Nos julgamentos de Nuremberga, Speer consegue salvar o pescoço vendendo-se como um tecnocrata genial e apolítico, demarcando-se dos colegas promotores da selvajaria Nazi. Depois de 20 anos na prisão, publica vários livros e goza de uma vida invejável (dentro dos padrões de antigos dirigentes Nazi).
Tooze contesta o legado deste “bom Nazi”, investigando a propaganda, as estatísticas de produção, a tremenda mobilização de recursos e a quase-escravização de populações de zonas ocupadas. Emerge assim, não um tecnocrata miraculoso, mas um político íntimo de Hitler que manteve a produção bélica alemã sobre rodas.
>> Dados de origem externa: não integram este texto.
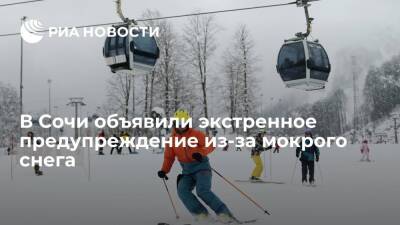 Экстренное предупреждение объявлено в Сочи из-за сильного налипания мокрого снега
O livro, publicado em 2007, termina com uma reflexão sobre a natureza da política europeia no pós-guerra: “Sixty years later, what else there might beto politics in Europe beyond the tiresome squabbles of discontented affluence remains an open question”. Olhando para 2023, ano em que o Leste europeu volta a ser palco de guerra, os dilemas sobre o fornecimento de recursos naturais (em particular energéticos) para a Europa são tão pertinentes como nunca; certamente a pergunta de Tooze deixou de ser aberta.